__DATA SHOWN__
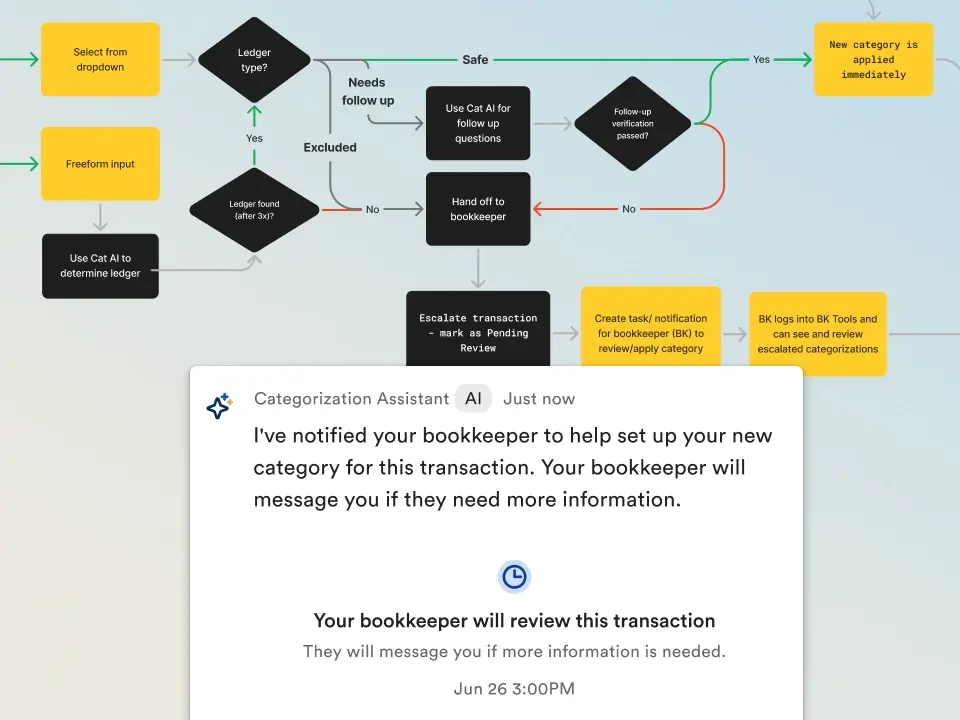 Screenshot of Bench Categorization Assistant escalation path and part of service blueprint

---

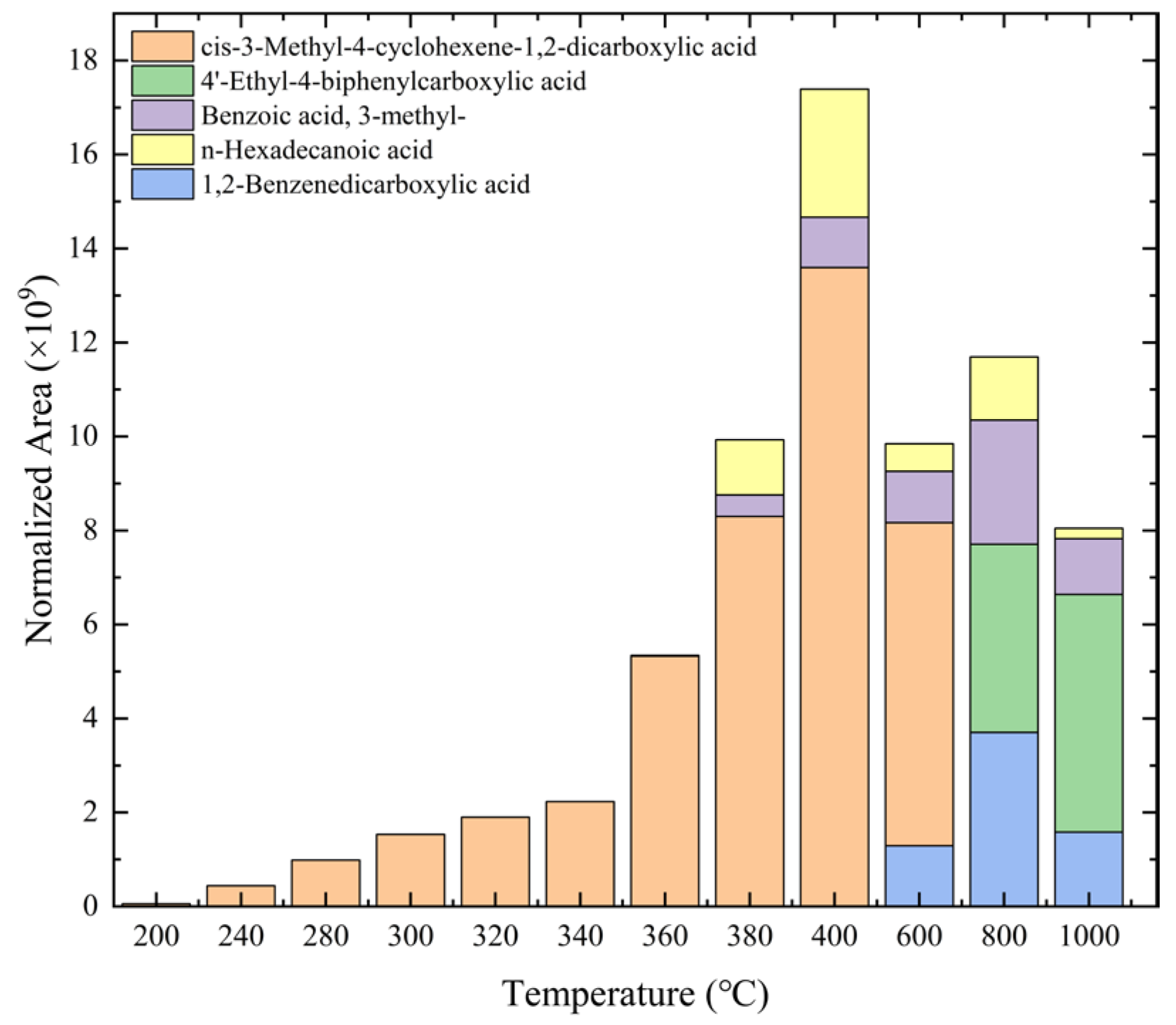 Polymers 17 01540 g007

==

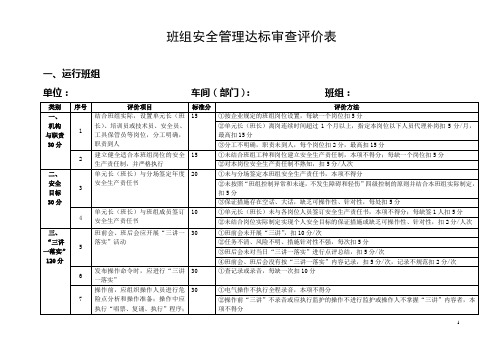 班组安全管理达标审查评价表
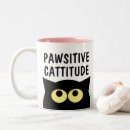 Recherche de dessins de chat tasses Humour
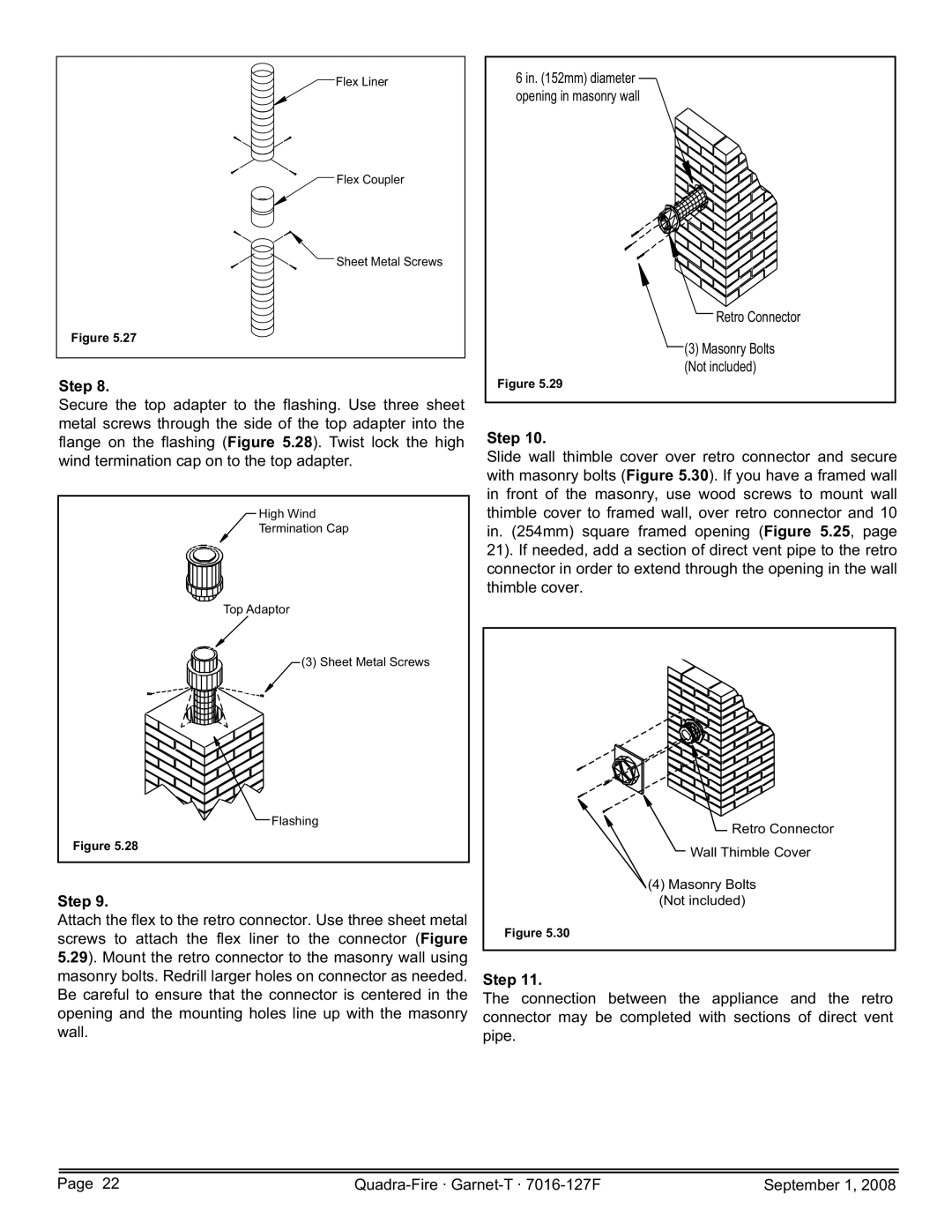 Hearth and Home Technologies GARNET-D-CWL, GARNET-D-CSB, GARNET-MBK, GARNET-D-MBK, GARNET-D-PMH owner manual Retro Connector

__WHAT YOU SHOULD DO__
Set the pictures aside and retype exactly the lines above from the line with "班组安全管理达标审查评价表" to the line with "Hearth and Home", both included, adding no others.

__REPLY TO THE TASK__
 班组安全管理达标审查评价表
 Recherche de dessins de chat tasses Humour
 Hearth and Home Technologies GARNET-D-CWL, GARNET-D-CSB, GARNET-MBK, GARNET-D-MBK, GARNET-D-PMH owner manual Retro Connector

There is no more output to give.